7.05.2017

why does she do it?

Following up on my previous post on the topic, I thought I might spend the summer leading up to my last day at my day job exploring in a little more detail why I included each of the articles in my "quit your job" bibliography. I thought surely I'd included Anne-Marie Slaughter's article 'Why Women Still Can't Have It All', which was published in The Atlantic in 2012, a couple of years before I went back to work full-time, almost a year even before my second kid was born (her book, on the other hand, came out a few months after I'd settled into my current gig). I've thought of that article often since January 2015, but I didn't include it in my bibliography because I didn't want it to be perceived as a sort of "women & work" reader. I don't believe the issues I'm been dealing with, supported by the articles that I've included, are necessarily unique to my being a woman or a working mother. I think they're equally, if not at times more tied to dissatisfaction with a daily routine over which I don't feel I have much creative control. And yet, as I settle into this odd liminal period, coming out, so to speak, to people every day that I'm leaving my position at the end of summer, I find myself returning to this tension between career and family that, whether I address it here or not, is undeniably at the core, alongside creative concerns, of why I'm quitting. In short, being a FTWM has been a bit of a drag.

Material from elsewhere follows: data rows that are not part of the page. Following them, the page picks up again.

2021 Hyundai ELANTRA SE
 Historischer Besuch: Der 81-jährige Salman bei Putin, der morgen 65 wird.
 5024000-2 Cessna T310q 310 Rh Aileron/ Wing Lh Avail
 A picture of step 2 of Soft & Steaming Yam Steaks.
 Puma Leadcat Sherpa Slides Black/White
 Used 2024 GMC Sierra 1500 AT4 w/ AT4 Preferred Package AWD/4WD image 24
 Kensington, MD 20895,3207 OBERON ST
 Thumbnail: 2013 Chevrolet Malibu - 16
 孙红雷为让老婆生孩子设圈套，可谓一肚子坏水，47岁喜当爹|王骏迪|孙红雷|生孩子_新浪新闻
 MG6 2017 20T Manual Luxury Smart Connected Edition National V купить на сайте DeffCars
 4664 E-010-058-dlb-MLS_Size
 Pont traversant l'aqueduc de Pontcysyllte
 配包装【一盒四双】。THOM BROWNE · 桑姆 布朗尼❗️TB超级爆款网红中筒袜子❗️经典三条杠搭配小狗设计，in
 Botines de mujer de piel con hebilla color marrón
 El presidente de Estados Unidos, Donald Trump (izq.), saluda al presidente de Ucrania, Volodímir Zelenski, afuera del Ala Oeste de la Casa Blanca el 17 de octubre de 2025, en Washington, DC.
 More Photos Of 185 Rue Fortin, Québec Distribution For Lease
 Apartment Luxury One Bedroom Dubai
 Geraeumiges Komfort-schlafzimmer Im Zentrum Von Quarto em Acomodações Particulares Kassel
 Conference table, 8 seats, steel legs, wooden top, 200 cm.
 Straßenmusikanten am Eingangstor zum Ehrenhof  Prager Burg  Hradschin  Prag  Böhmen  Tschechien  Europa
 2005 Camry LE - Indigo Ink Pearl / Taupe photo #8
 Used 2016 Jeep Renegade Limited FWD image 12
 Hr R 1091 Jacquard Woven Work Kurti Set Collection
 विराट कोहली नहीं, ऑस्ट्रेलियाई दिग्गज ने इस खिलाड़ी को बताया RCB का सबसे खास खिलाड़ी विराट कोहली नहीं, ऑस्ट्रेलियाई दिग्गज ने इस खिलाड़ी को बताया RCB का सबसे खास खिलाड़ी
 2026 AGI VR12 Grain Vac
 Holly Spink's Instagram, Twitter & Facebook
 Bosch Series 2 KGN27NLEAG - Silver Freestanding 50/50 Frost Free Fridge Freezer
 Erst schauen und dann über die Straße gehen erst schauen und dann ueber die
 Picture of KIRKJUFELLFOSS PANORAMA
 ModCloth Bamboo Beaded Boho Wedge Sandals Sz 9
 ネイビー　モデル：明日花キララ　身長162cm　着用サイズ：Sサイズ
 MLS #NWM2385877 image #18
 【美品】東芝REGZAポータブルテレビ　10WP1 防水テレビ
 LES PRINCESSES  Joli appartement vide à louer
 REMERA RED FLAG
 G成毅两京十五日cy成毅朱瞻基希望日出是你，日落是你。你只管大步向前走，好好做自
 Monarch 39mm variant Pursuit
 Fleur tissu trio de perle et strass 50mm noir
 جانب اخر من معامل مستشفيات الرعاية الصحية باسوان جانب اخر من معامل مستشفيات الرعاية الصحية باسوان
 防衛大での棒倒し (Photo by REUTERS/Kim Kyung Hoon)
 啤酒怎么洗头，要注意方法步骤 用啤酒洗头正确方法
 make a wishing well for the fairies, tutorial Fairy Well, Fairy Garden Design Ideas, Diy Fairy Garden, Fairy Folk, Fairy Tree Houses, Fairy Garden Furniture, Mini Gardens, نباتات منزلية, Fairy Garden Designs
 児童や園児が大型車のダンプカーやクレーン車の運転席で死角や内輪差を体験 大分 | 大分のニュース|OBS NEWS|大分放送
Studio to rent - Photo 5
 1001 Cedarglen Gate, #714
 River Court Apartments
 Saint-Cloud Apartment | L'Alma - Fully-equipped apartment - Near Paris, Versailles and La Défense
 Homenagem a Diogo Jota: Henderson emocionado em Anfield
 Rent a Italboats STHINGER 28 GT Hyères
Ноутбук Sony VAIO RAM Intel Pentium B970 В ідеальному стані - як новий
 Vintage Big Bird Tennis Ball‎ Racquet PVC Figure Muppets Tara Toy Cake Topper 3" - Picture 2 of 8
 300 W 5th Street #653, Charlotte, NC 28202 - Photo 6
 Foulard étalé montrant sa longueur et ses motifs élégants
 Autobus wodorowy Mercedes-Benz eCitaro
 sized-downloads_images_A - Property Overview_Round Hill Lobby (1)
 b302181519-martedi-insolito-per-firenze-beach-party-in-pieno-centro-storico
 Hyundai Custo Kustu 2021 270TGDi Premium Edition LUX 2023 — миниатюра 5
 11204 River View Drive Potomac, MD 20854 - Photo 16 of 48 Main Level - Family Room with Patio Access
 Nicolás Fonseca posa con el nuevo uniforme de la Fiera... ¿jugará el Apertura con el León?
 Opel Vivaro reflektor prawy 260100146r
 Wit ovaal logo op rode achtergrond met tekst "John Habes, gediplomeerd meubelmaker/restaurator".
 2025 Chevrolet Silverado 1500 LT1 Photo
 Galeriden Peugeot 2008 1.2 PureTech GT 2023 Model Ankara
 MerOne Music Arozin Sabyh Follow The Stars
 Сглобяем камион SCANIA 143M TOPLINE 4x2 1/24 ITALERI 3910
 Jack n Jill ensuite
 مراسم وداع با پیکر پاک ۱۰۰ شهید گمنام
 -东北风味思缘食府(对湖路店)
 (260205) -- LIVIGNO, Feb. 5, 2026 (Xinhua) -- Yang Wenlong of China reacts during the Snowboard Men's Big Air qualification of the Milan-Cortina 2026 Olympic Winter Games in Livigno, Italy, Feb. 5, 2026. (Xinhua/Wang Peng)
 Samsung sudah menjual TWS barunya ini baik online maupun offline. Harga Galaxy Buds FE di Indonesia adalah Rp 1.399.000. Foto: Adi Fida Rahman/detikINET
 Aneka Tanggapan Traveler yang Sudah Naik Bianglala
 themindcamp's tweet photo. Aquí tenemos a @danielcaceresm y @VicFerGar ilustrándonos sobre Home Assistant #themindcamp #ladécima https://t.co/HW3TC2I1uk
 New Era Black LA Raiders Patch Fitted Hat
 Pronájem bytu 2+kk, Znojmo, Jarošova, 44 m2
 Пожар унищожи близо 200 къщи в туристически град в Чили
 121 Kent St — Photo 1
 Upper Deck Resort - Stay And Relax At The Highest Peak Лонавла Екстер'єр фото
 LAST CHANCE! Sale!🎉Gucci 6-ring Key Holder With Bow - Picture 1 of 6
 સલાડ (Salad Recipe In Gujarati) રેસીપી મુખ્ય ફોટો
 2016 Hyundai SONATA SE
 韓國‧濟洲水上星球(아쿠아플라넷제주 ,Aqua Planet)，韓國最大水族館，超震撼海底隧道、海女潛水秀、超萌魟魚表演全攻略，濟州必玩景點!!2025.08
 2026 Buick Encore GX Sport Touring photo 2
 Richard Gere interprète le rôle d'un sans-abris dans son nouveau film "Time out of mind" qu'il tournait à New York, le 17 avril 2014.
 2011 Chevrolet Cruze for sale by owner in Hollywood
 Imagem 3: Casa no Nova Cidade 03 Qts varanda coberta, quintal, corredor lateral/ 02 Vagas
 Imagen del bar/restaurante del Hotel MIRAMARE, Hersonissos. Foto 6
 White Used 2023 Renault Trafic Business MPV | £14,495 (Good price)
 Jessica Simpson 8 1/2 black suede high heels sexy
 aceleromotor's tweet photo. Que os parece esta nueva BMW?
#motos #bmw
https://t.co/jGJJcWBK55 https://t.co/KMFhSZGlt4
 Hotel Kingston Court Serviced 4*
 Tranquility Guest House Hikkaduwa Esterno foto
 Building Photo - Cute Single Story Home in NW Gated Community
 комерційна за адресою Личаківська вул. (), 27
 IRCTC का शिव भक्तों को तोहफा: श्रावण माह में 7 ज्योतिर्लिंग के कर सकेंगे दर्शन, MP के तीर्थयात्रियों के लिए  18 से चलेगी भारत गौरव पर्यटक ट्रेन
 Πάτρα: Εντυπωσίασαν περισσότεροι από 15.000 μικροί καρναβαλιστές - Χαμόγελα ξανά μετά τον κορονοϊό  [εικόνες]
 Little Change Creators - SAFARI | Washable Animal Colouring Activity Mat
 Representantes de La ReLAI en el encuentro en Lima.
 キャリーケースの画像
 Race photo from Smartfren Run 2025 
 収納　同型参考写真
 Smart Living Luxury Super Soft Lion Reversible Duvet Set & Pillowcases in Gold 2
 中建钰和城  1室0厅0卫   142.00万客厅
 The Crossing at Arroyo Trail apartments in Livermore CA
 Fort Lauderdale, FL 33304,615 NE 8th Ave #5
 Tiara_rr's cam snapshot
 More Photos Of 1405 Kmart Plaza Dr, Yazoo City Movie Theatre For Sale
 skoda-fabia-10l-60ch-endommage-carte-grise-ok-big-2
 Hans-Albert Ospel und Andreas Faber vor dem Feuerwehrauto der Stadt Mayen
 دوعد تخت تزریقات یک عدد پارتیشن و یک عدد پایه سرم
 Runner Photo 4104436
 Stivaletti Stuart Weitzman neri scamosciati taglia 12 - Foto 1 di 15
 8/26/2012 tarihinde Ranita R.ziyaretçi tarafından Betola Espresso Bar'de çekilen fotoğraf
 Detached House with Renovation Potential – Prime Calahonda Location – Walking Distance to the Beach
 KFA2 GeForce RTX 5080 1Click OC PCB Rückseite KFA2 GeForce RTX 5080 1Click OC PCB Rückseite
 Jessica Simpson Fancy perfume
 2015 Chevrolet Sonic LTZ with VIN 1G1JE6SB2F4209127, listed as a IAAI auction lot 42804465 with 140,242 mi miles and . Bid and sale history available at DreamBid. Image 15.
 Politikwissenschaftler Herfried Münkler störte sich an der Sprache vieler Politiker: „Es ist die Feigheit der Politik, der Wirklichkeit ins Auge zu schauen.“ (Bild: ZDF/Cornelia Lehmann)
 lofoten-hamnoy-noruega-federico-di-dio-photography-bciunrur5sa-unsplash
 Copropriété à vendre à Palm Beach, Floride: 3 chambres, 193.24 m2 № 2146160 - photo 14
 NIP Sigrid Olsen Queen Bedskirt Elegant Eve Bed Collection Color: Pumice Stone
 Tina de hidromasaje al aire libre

My favorite kind of working mother stock photo! Except this is me and my daughter.
After I read the book 'I Don't Know How She Does It', my main question wasn't so much how she does it but why? Granted, I was self-employed with half the kids I have now, and I'm not exactly on par with what a hedge fund manager does (or makes) in my current gig, but at the time and even more so now, after 2 1/2 years of working full-time while juggling family needs alongside my desire/need for more time to be creative, I couldn't understand why she (spoiler alert!) was still at her job at the end of the book. Her daily routine sounded miserable and exhausting; in a word, unsustainable.

On the other end of the spectrum, my issue with books like Laura Vanderkam's 'I Know How She Does It: How Successful Women Make the Most of Their Time' is that the onus should not be solely on working mothers to figure out how to "have it all"; the problem is with the systems in place that make the necessary ingredients like decent pay, flexibility, and opportunities for growth and advancement so challenging in the first place (and don't even get me started on the fact that she only interviewed women who make six figure salaries, as if an arbitrary amount of money equals success).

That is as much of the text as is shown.